Life is full. Full of joy, chaos, stress and lots of ups and downs. I try my darndest to make dinners with the family meaningful and peace-giving. But honestly, at this stage in my life, that rarely happens. But it has happened at least once. One night a few years ago, I remember taking turns answering the question “What would you like to change about yourself to become more like Jesus?” My four-year-old said he could work to have a better attitude (a concept we often use in our discipline with the kids). I wanted greater patience and an ability to remain calm when interacting with the kids. My husband repeated my plea for patience. It only takes a look at our combined responses to get a glimpse of where we were as a family that year.

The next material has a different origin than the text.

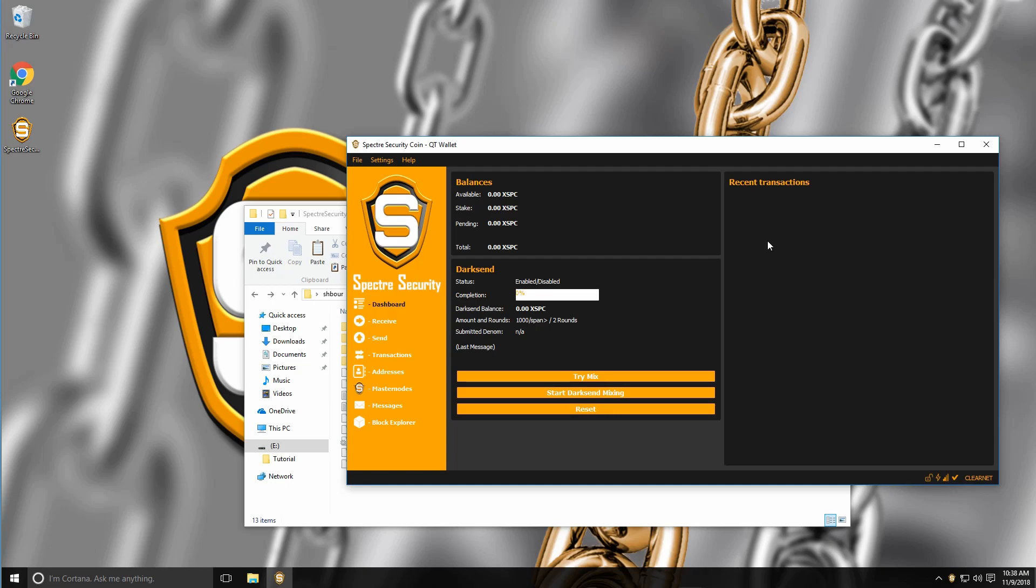Now as you can see here, I don't have any coins anymore. So now I'm going to show you how to recover your coins.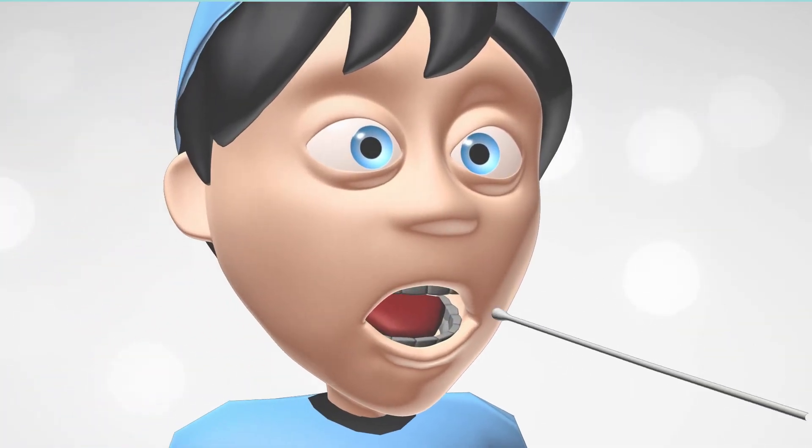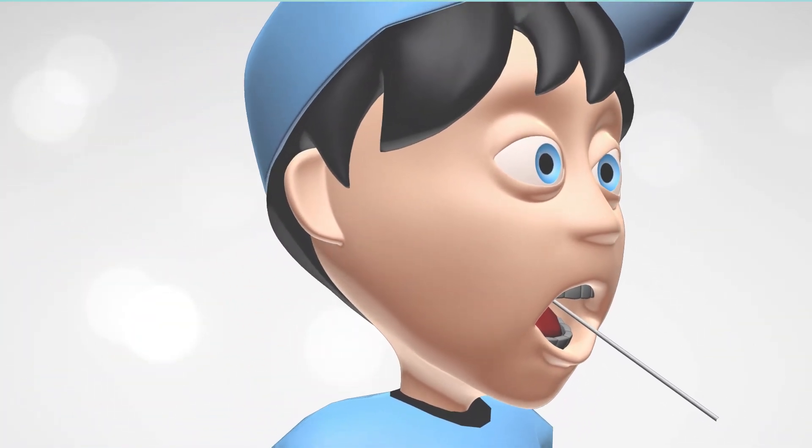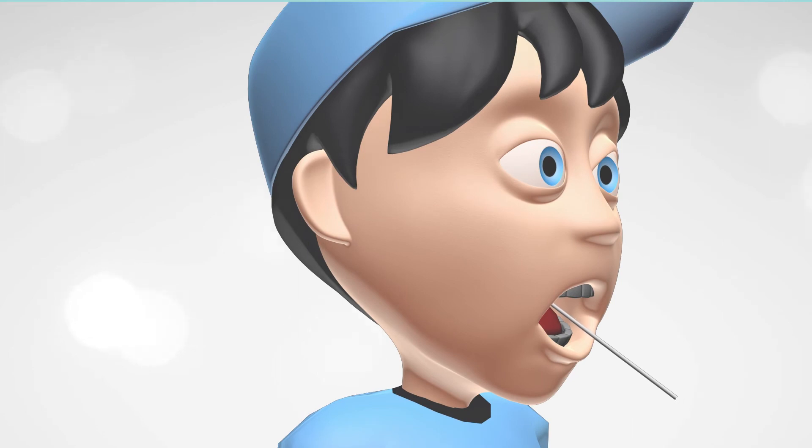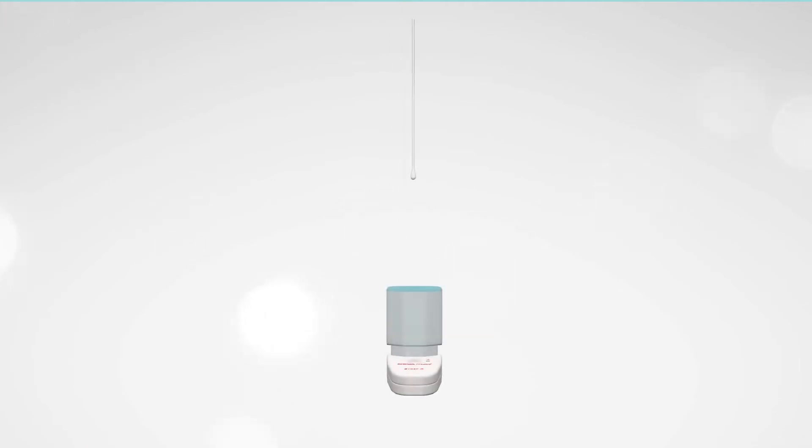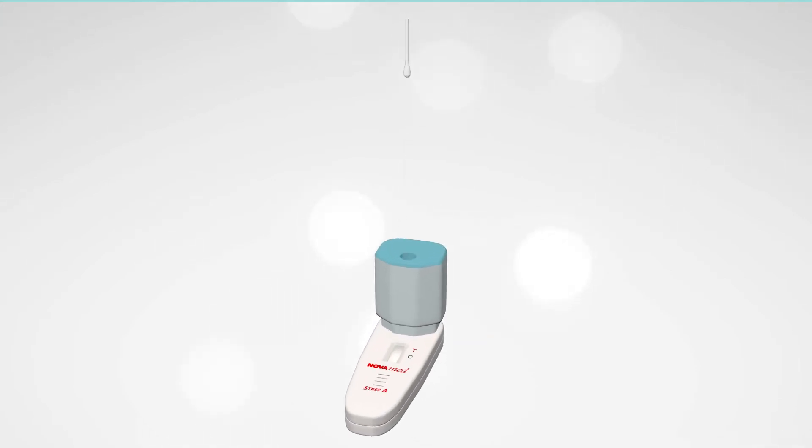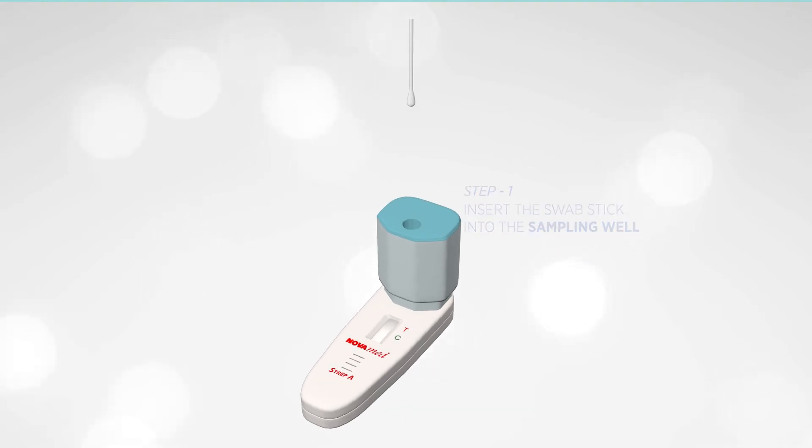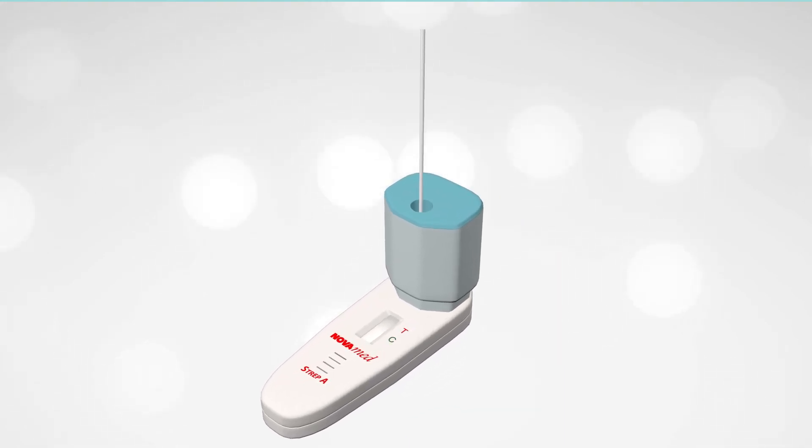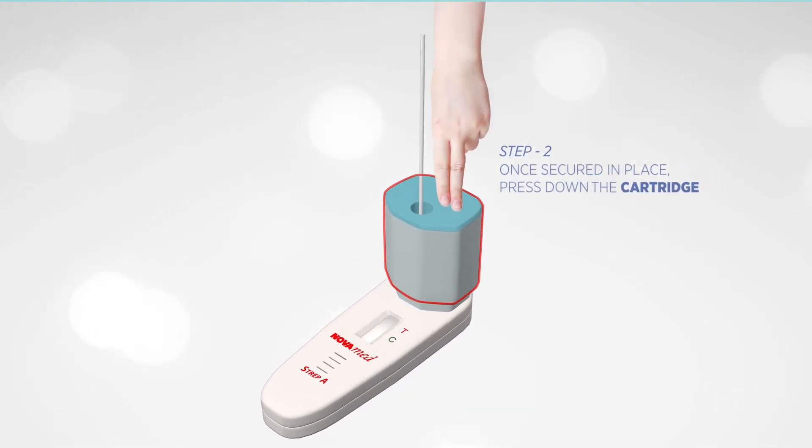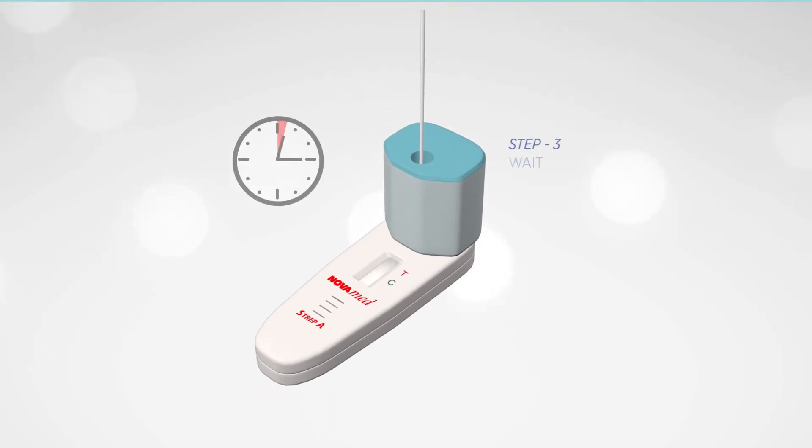Take a throat sample using the swab. Insert it into the sampling well within dark blue area. Press down the cartridge and wait for the results.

If I’ve learned one thing from muddling my way through all of life’s ups and downs, it’s this: God’s grace is abundant. And do I ever need it! I view this season of my mothering journey as a truly intense one. And like all such seasons, I’ve been stretched to my limits, come face-to-face with my own weaknesses and failings and discovered as a result that I’m stronger than I was when I began. I’ve experienced supreme joy, extreme frustration, and yes, even that elusive peace – the peace of stepping back, trusting in God’s promises.
Dear God, thank you for all the noise, energy, and joy that my life brings. Help me to honor that gift with a heart that loves without expectation and a peace that goes deep.